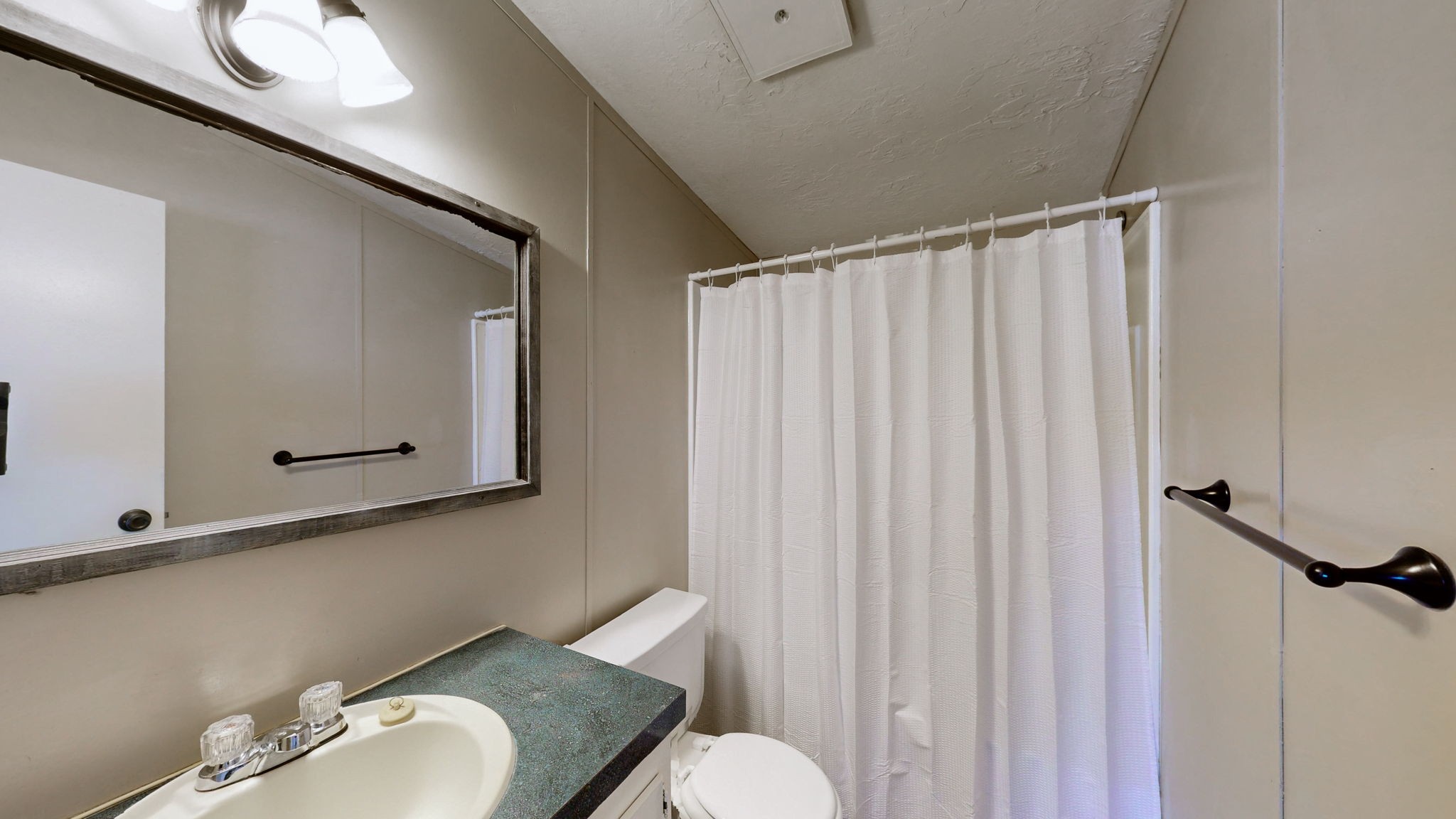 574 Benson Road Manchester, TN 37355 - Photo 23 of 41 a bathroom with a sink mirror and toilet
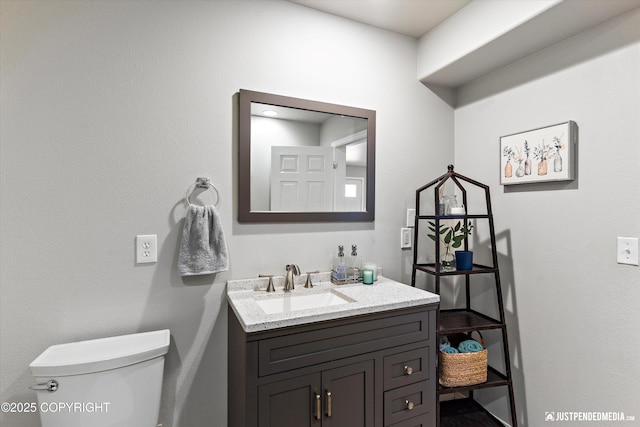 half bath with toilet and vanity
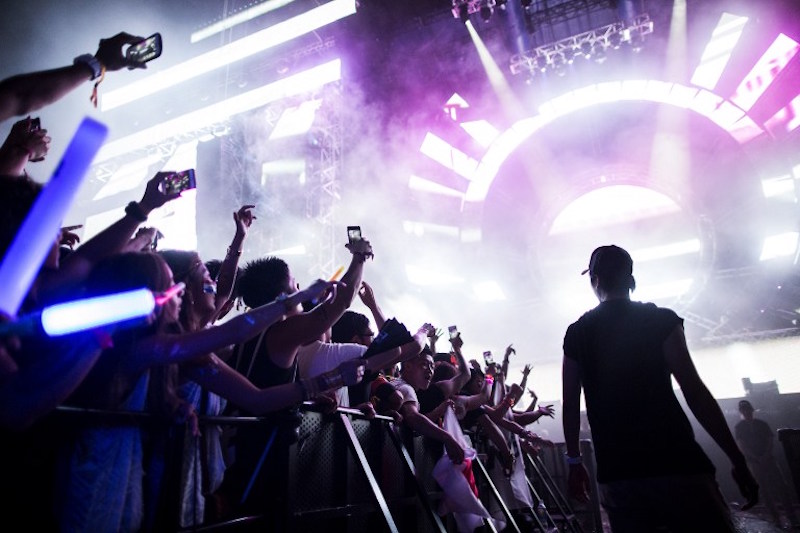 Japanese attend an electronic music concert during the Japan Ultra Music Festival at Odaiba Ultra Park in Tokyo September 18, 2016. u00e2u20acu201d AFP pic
★ ★ ★ ★ ★ ★ ★
#### [EXERCISE GOAL]
What this calls for is the material above set down exactly, pictures excluded.

#### [OUTPUT OF THE EXERCISE]
 574 Benson Road Manchester, TN 37355 - Photo 23 of 41 a bathroom with a sink mirror and toilet
 half bath with toilet and vanity
 Japanese attend an electronic music concert during the Japan Ultra Music Festival at Odaiba Ultra Park in Tokyo September 18, 2016. u00e2u20acu201d AFP pic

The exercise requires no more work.